04/14/2016 AT 01:30 AM EDT

Quinton Aaron, best known for portraying football star "Big Mike" Oher in The Blind Side, has a message for your kids.

"I've been bullied before," he tells PEOPLE. "And I know how important it is to give hope to kids who are going through the same thing."

So what's an actor to do when his national profile is raised by starring in an Oscar-nominated film with Sandra Bullock?

Well, if you're Aaron, you start a foundation.



In 2012, the 31-year-old actor formed The Aaron Quinton Foundation, an anti-bullying organization. Now, when he's not on the set, Aaron holds rallies in school auditoriums and gymnasiums, telling personal stories and giving advice. (And the kids pay close attention. It's not every day that you see a hulking 6'8" actor talking about being bullied.)

Inside The Blind Side Actor Quinton Aaron's Anti-Bullying Crusade| The Blind Side, Quinton Aaron

Courtesy The Quinton Aaron Foundation



But Aaron doesn't go it alone. He's joined by fellow actor Eric Martinez in spreading his message of tolerance and acceptance.

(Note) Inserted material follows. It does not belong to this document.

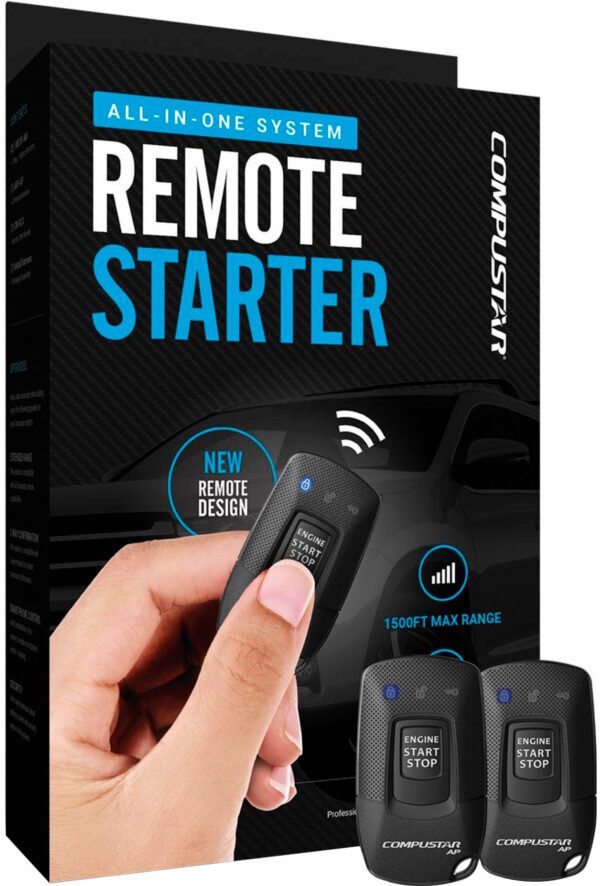 Compustar – 1-Way Remote Start System – Installation Included – Black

For Aaron and Martinez, the numbers are staggering. Each day, more than 160,000 kids stay home from school out of fear of being bullied. "We have to listen to what they're going through," says Aaron. "And provide resources for them."

Adds Martinez, who was also a victim of bullying: "It happens daily in schools and workplaces all over the country. It shouldn't be ignored. The rate of students committing suicide and reaching out for help is alarming. A lot of times, they just need someone who will listen."

Inside The Blind Side Actor Quinton Aaron's Anti-Bullying Crusade| The Blind Side, Quinton Aaron

Courtesy The Quinton Aaron Foundation



Aaron and Martinez, who will co-star in the upcoming film Justice, hope to spend 2016 visiting more schools, churches and community centers. They've spoken to more than 300,000 kids – but recognize how much work there is to be done.

"It's something that will always be important to me," says Aaron. "Every kid needs to know that they're accepted and heard. That's why I'll keep doing this."